Al igual que Scorsese y David O. Russell no han sido pocos los directores que se han inspirado durante el último año en los excesos de la sociedad norteamericana como trama o condimento para alguna de sus películas. Tramas tan dispares como las épocas en las que las susodichas cintas están ambientadas. Así por ejemplo, el padre del cine excesivo made in USA, que es Quentin Tarantino, ambienta su Django Unchained (Q. Tarantino, 2012) en los albores de la Guerra de Secesión, una época tumultuosa donde los excesos se cometían preferentemente en las plantaciones de esclavos. Como paradigma, el personaje del terrateniente Calvin Candie, interpretado por Leonardo DiCaprio, que se regodea con la sangre de sus ‘mandingos luchadores’.

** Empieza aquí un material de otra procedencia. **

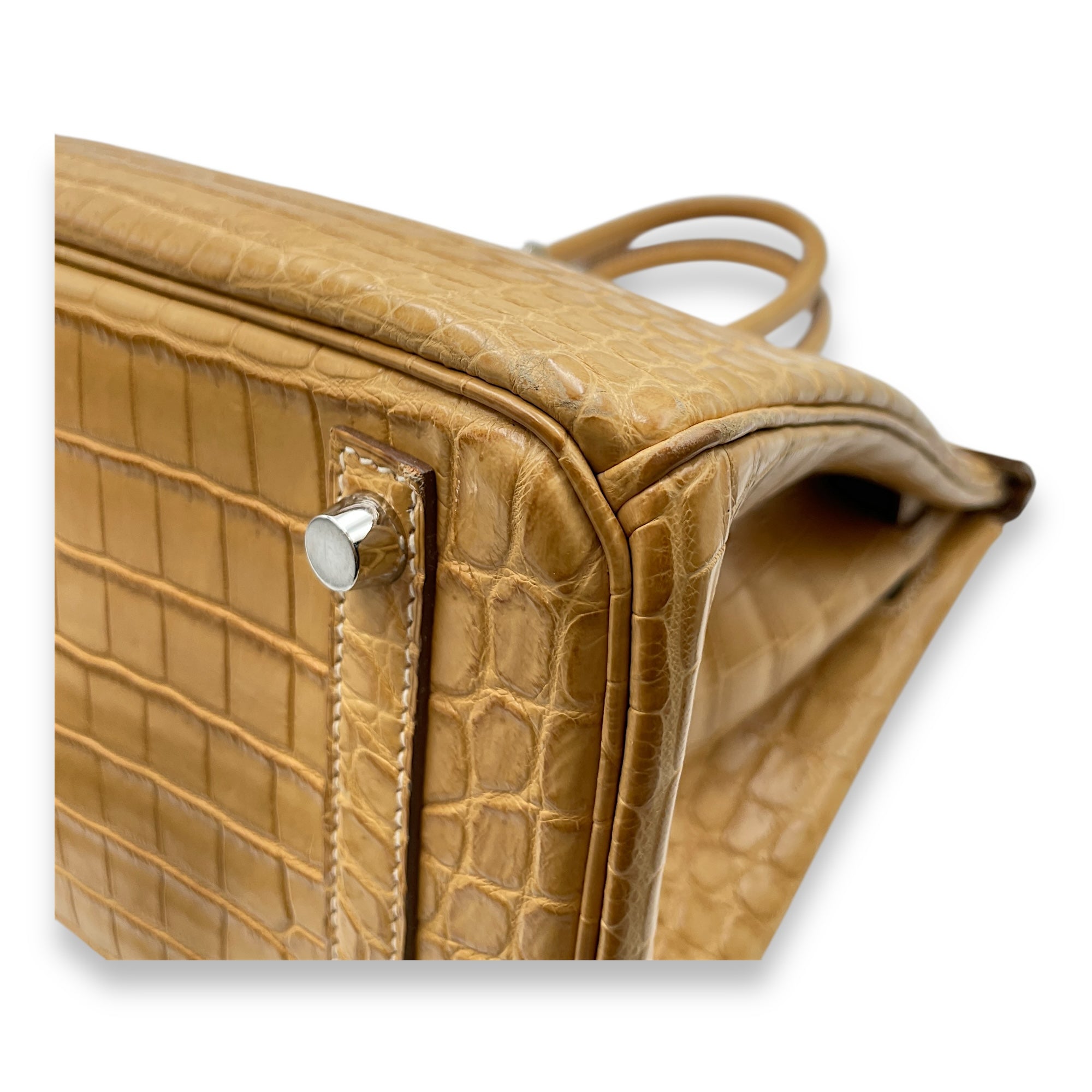 Birkin 30 Paille in Matte Niloticus, Palladium hardware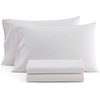 image:imageMartha Stewart  Full Sheet Set with Fitted Sheet amp Pillowcases Cotton Percale Bedding with a Smooth Feel Deep Pocket Gingham BrownPolka Dot Pink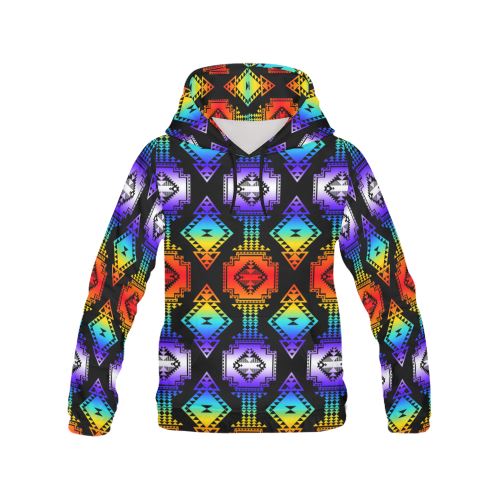 Rainbow Gathering All Over Print Hoodie for Women (USA Size) (Model H13) All Over Print Hoodie for Women (H13) e-joyer 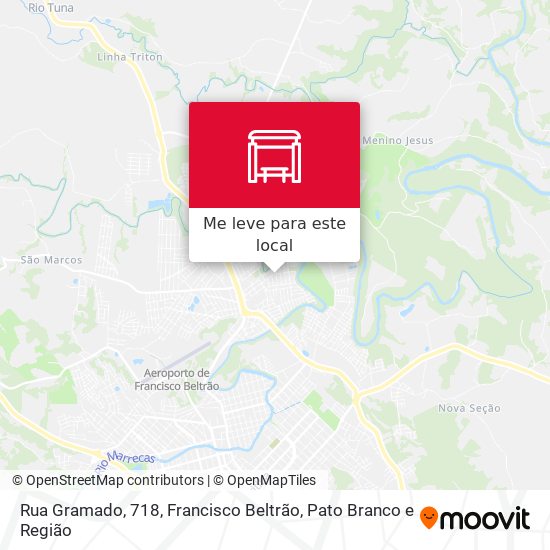 Rua Gramado, 718 mapa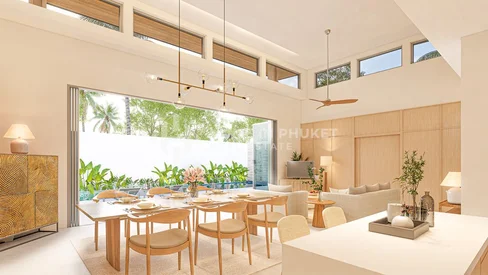 Villas Contemporaines avec Piscine et 3 Chambres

DiCaprio también aparece, en este caso protagoniza, otra de las cintas de época que han tratado de enfocar su concepción en los excesos de la sociedad norteamericana. Ahora estamos en los años veinte y la cinta en cuestión es The Great Gatsby (Baz Luhrmann, 2013), o la revisitación que Lurhmann ha hecho del relato de F. Scott Fitzgerald. La tendencia del director australiano por el recargamiento visual de todas sus películas no hace sino redundar los excesos que se cometían en los felices años 20, antes de que el Jueves Negro acabase con la fiesta.

Pero los excesos no son solo cosa del pasado, puesto que otros filmes han puesto la mirada en el presente y en cómo la sociedad actual se deja llevar también por el ‘lado salvaje de la vida’. Ejemplos de ello son las cintas de dos realizadores curtidos como Oliver Stone y Ridley Scott, que en Savages (Stone, 2012) y The Counselor (Scott, 2013) echan mano de la exuberancia visual y verbal para contar historias similares sobre el tráfico de drogas en la frontera de México.

Aunque si alguien ha dado en el clavo, además de Scorsese, en lo que respecta a representar los excesos de la sociedad norteamericana ese ha sido Harmony Korine con Spring Breakers (2012). Esta fascinante alucinación es el paradigma de la deriva de una nueva generación en medio de un mundo virtual de iconografía sexual y violenta adornado con colores fluorescentes. Toda una cult-movie digna de convertirse en referente del cine made in USA-Babilonia.